What you need to do> Below are the records; give again exactly the lines from the one containing "2 комнатная квартира, 2 этаж, 50 м²" through the one containing "1969 Super Bee Interior", leaving out pictures.

-------- Information --------

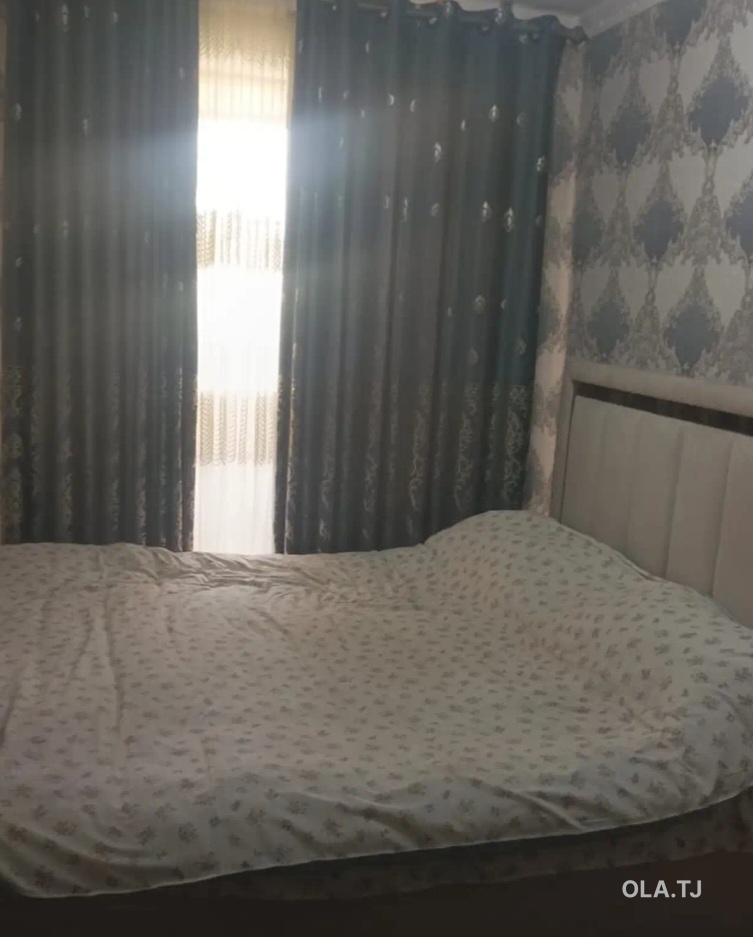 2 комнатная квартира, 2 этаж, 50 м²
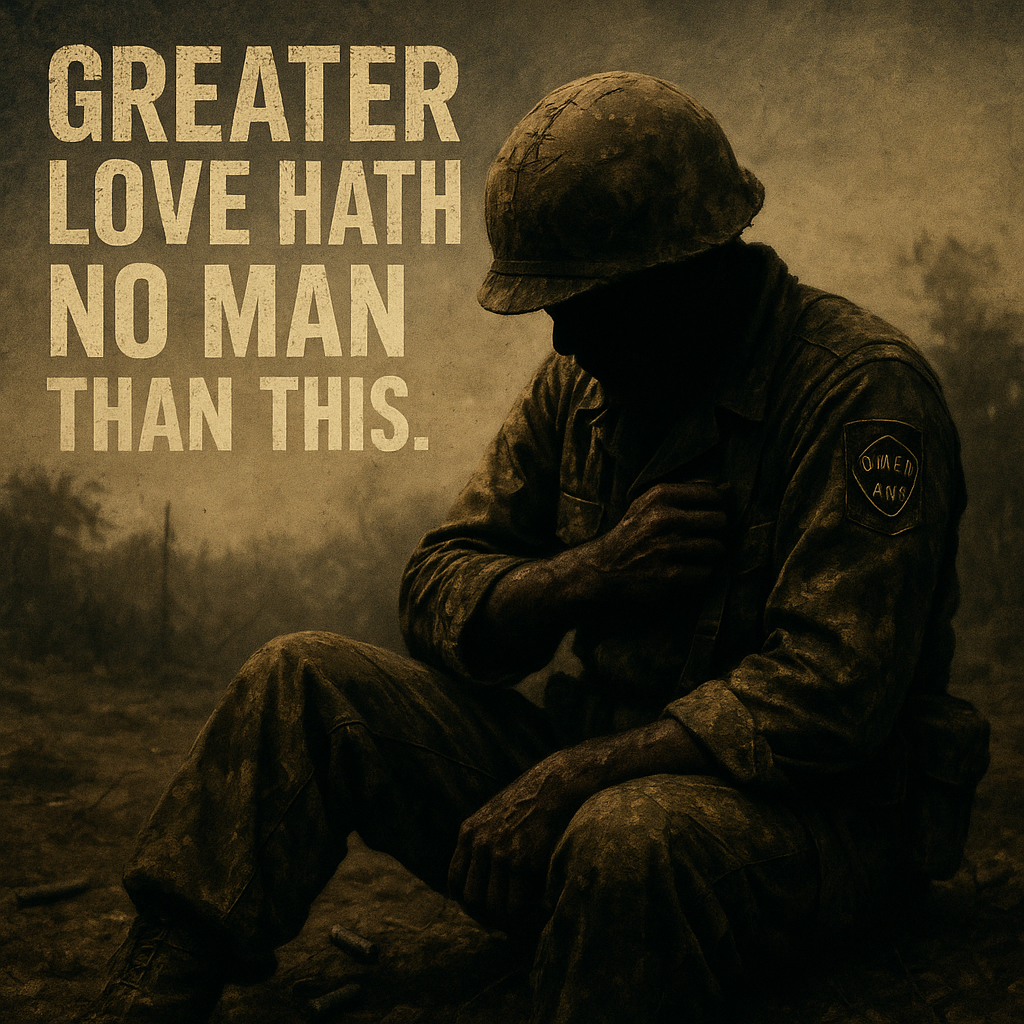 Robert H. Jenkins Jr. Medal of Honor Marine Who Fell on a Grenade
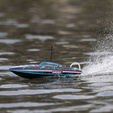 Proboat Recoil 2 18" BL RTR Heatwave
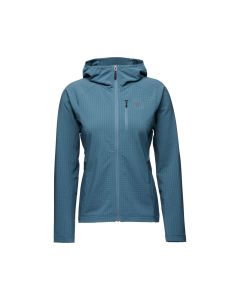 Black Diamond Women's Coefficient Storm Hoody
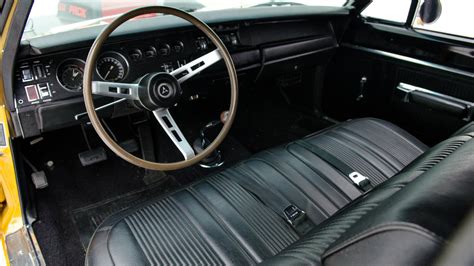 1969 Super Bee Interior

--------
-------- Information --------

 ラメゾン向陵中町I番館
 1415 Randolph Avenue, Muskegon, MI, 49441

--------

Completed exercise>
 2 комнатная квартира, 2 этаж, 50 м²
 Robert H. Jenkins Jr. Medal of Honor Marine Who Fell on a Grenade
 Proboat Recoil 2 18" BL RTR Heatwave
 Black Diamond Women's Coefficient Storm Hoody
 1969 Super Bee Interior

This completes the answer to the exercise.